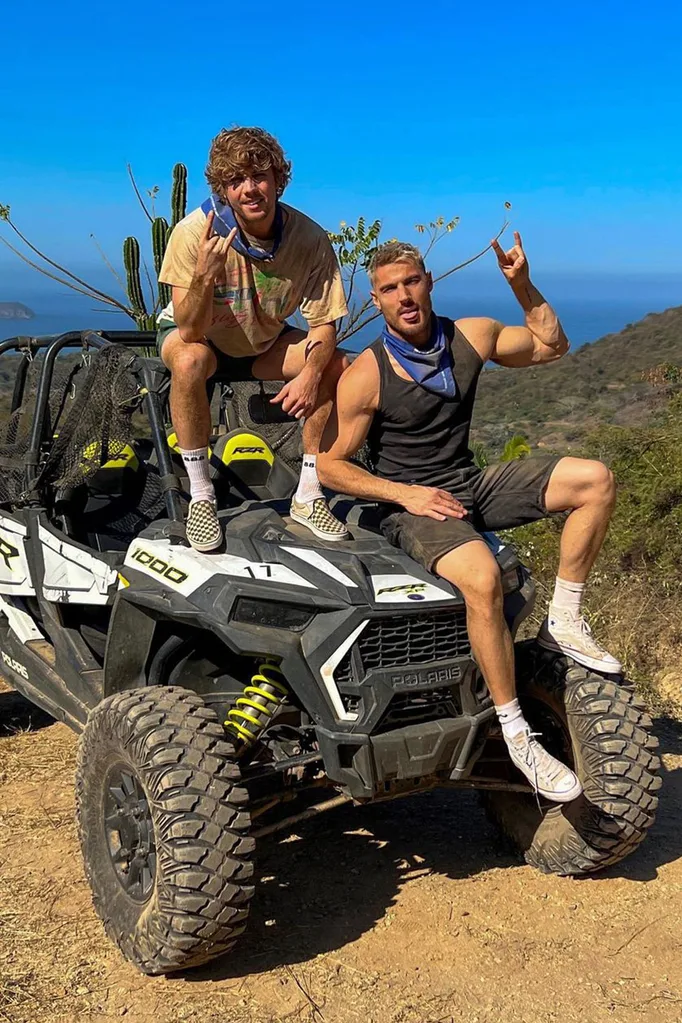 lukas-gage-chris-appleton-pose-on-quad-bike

===============

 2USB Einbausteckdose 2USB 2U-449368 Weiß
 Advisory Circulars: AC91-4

===============

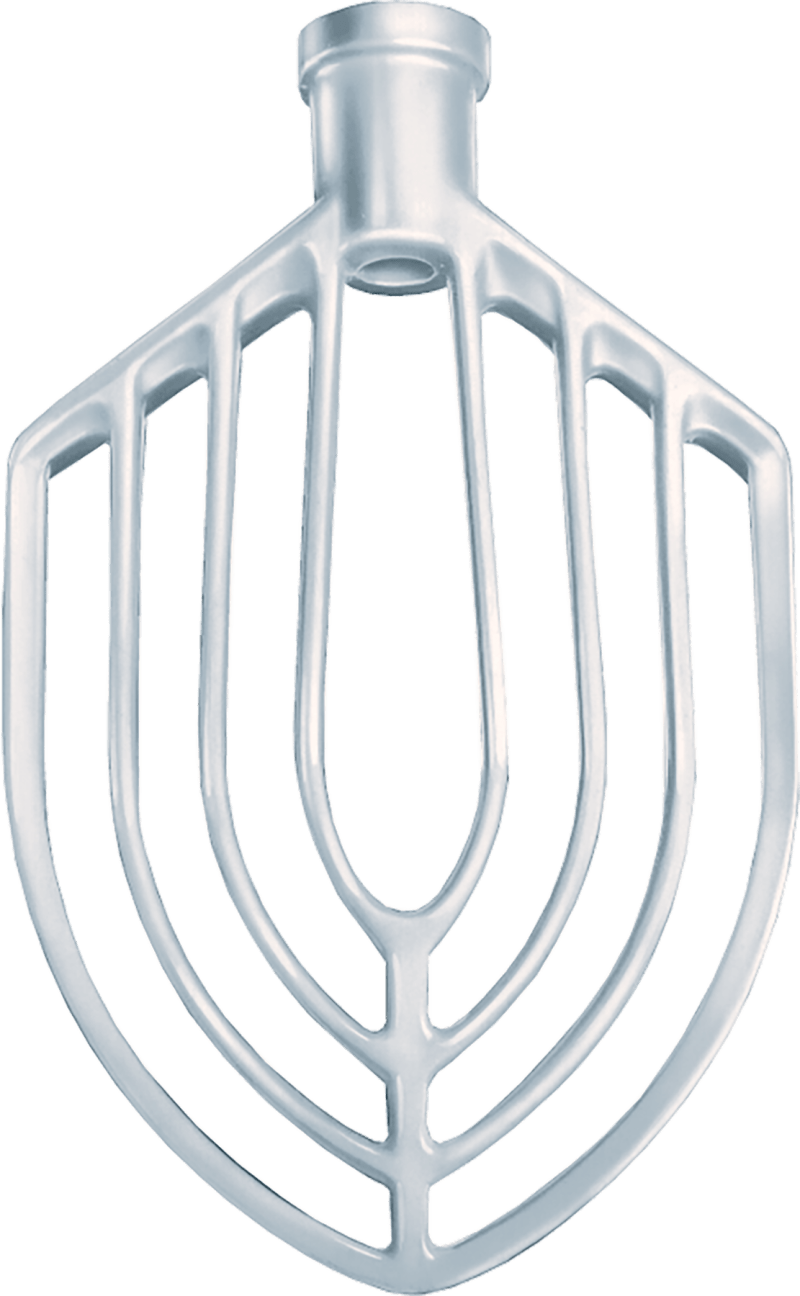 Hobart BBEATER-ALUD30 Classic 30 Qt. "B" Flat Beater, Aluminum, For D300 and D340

===============

Problem -
Exactly the lines above from the one with "2USB Einbausteckdose 2USB 2U-449368 Weiß" to the one with "Advisory Circulars: AC91-4", both included, are to be quoted; leave the rest out.

Answer section -
 2USB Einbausteckdose 2USB 2U-449368 Weiß
 Advisory Circulars: AC91-4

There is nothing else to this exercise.